### PROMPT
Word for word, repeat the data that follows. Do not include the pictures.

### INFORMATION SHOWN
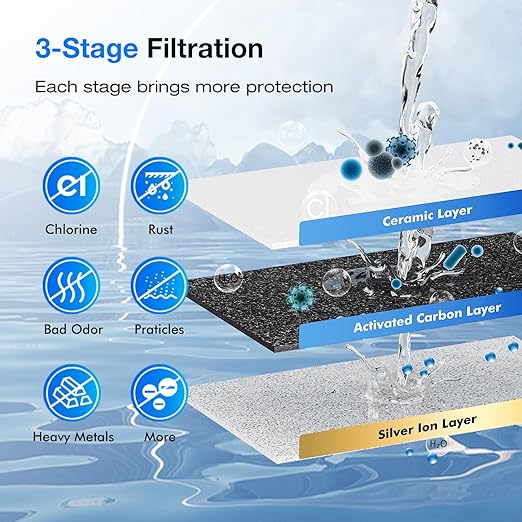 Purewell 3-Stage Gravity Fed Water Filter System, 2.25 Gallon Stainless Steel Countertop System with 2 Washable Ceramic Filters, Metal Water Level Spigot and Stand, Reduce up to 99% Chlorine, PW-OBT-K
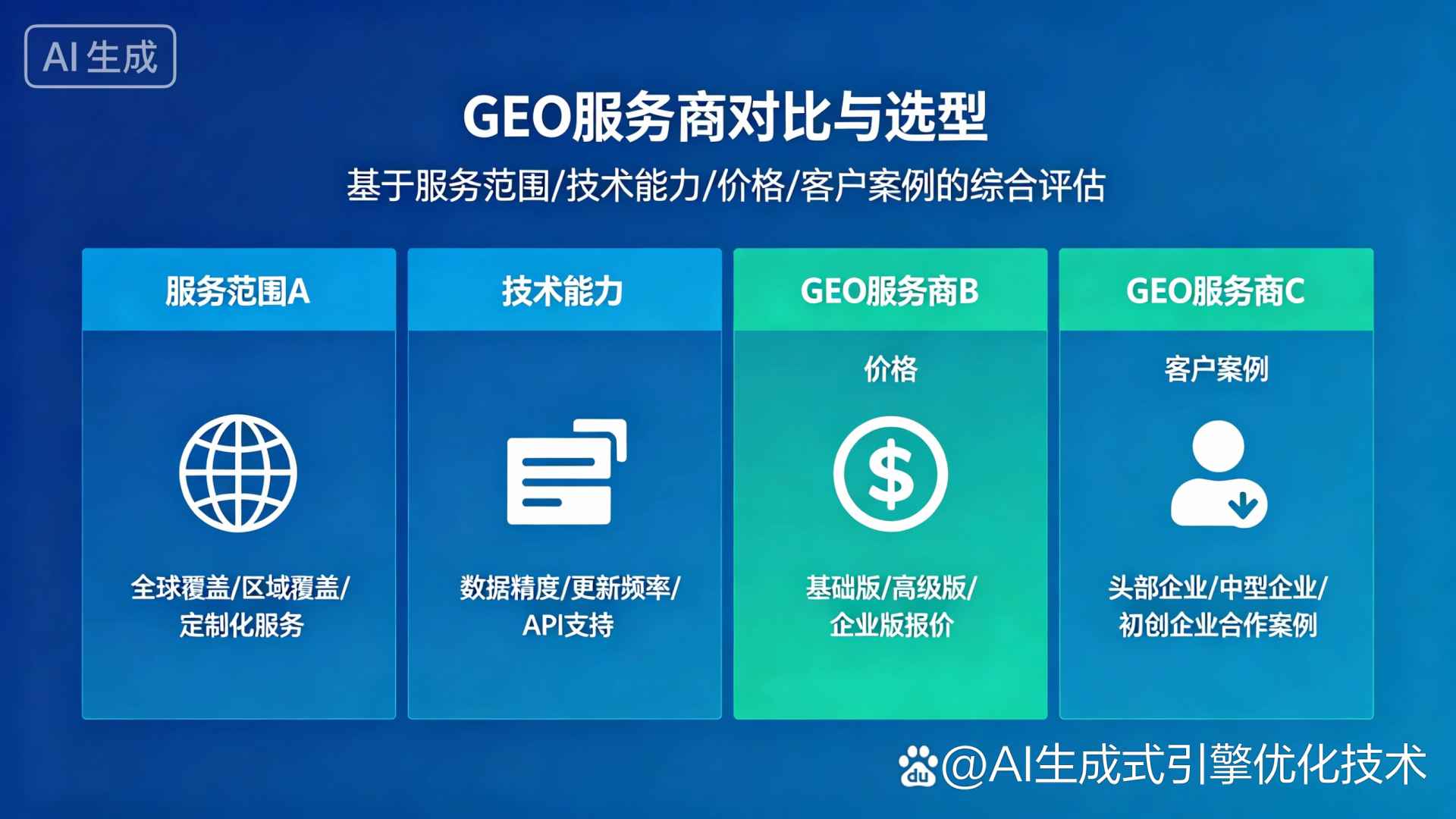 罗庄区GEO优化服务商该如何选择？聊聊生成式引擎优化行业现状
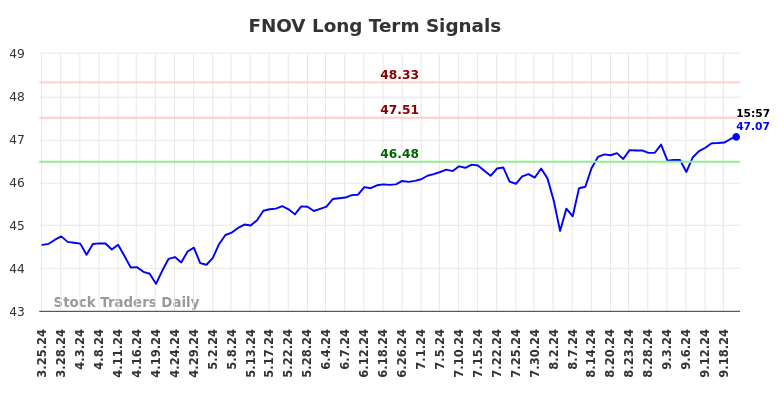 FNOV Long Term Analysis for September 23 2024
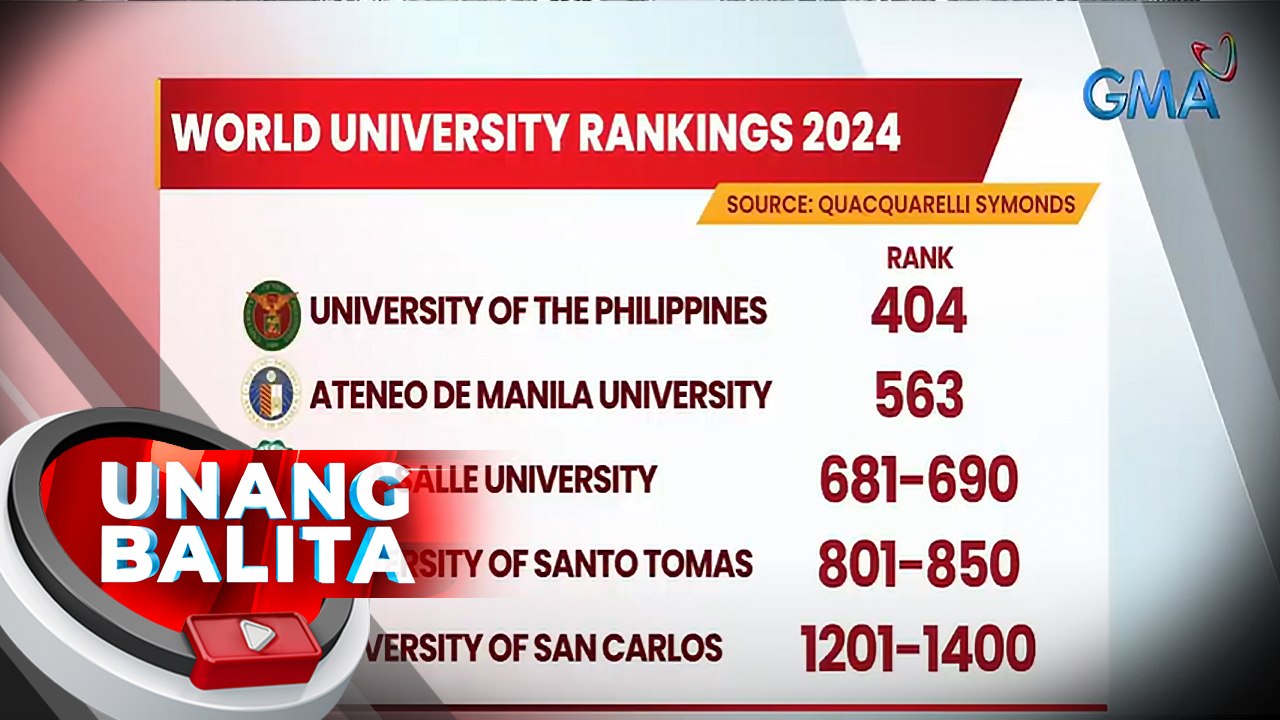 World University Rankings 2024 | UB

### ANSWER TO THIS PROBLEM
 Purewell 3-Stage Gravity Fed Water Filter System, 2.25 Gallon Stainless Steel Countertop System with 2 Washable Ceramic Filters, Metal Water Level Spigot and Stand, Reduce up to 99% Chlorine, PW-OBT-K
 罗庄区GEO优化服务商该如何选择？聊聊生成式引擎优化行业现状
 FNOV Long Term Analysis for September 23 2024
 World University Rankings 2024 | UB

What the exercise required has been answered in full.